成果主義、アグノスティック(不可知論的)な運用を志向する機関投資家

このような環境下で、機関投資家はどのような投資行動をとるのか、興味深いところである。川原氏の講演は、このような興味に対して示唆に富むオブザーベーションを提供してくれている。要旨を簡潔に述べるならば、機関投資家は、低金利、マイナス金利の導入という金利環境下、ボラティリティーが高まるなか、また、機関投資家のそれぞれの負債制約と、規制強化のなかで、従来のベンチマークに対するアウトパフォーム(ベンチマークを上回る運用をする)を目標にするのでなく、Outcome-oriented(結果志向; 筆者注)/Agonostic(あいまいな; 不可知論的な; 筆者注)な、成果主義の方向へ向かっている、というのである。

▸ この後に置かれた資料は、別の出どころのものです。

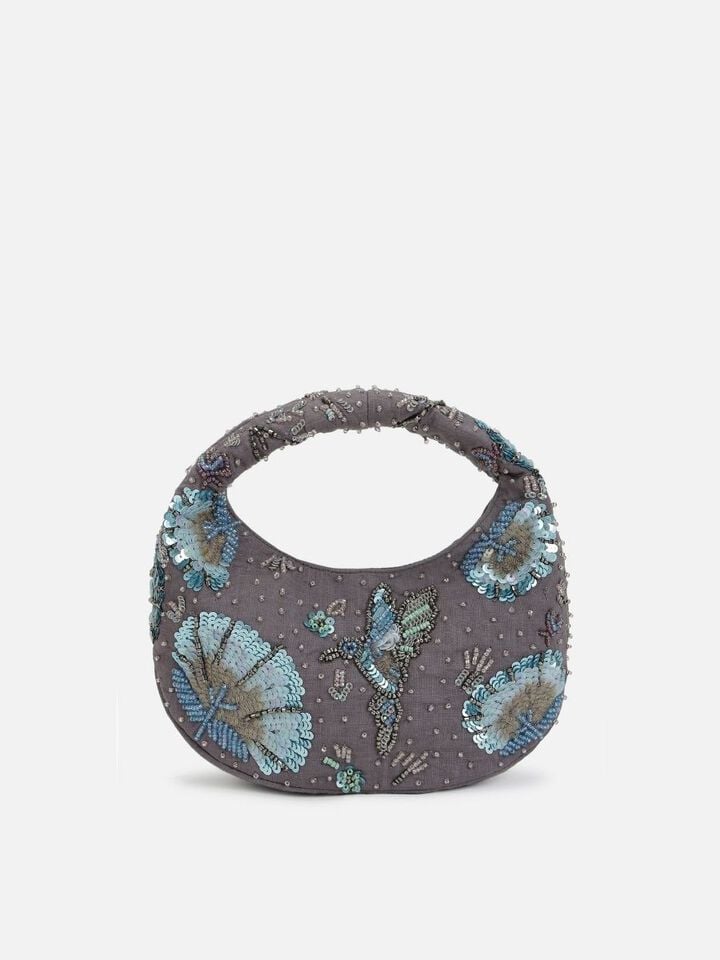 Tara Beaded Sparkles Handheld - Grey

国内年金動向では、基本的に株式のリスクを抑制し、国内債券を減らし、オルタナティブや一般勘定、外国債券を増やす傾向にあるという。オルタナティブ投資は、今日のトレンドであるといってよいだろう。オルタナティブ投資は、プライベート・エクイティ、ヘッジ・ファンド、不動産、コモディティ等多様な形態をとりうるが、その根底には、ボラティリティーに着目したトレーディング、レバレッジの活用、ロングオンリーの制約の克服といった理由があり、それ自体は妥当であると思う。

オルタナティブ投資の視点から株式投資を見直すべき

しかし、筆者は株式のウェートを引き下げるという機関投資家の行動は、それが事実であるとすれば、基本的に近視眼的であると感じる。筆者が、アクティブ運用のファンドマネージャーであれば、リスク許容度の範囲で株式のウェートを大幅に引き上げているであろう。以前にも述べたことがあるが、上場株式でも、疑似的なオルタナティブ投資は可能であり、機関投資家は伝統的な発想にとらわれて、その可能性を十分活用していないと感じる。オルタナティブ投資への流れは妥当であると思う。しかし、オルタナティブ投資には相対的に高いフィーがかかる、流動性に欠ける場合がある等の問題がある。また、実物不動産への投資も、平均的にいえば、土地価格、建築費の高騰により、フリーキャッシュフローベースで、エクイティに対して6%強のリターンを得るのは困難な状況になっていること等がある。

バリュー投資こそ投資の王道

株式投資の魅力をもう一度見直すことが必要ではないだろうか。但し、伝統的視点ではなく、オルタナティブ投資的な視点で。そして、バフェットを引くまでもなく、バリュー投資こそ投資の王道であると思うのである。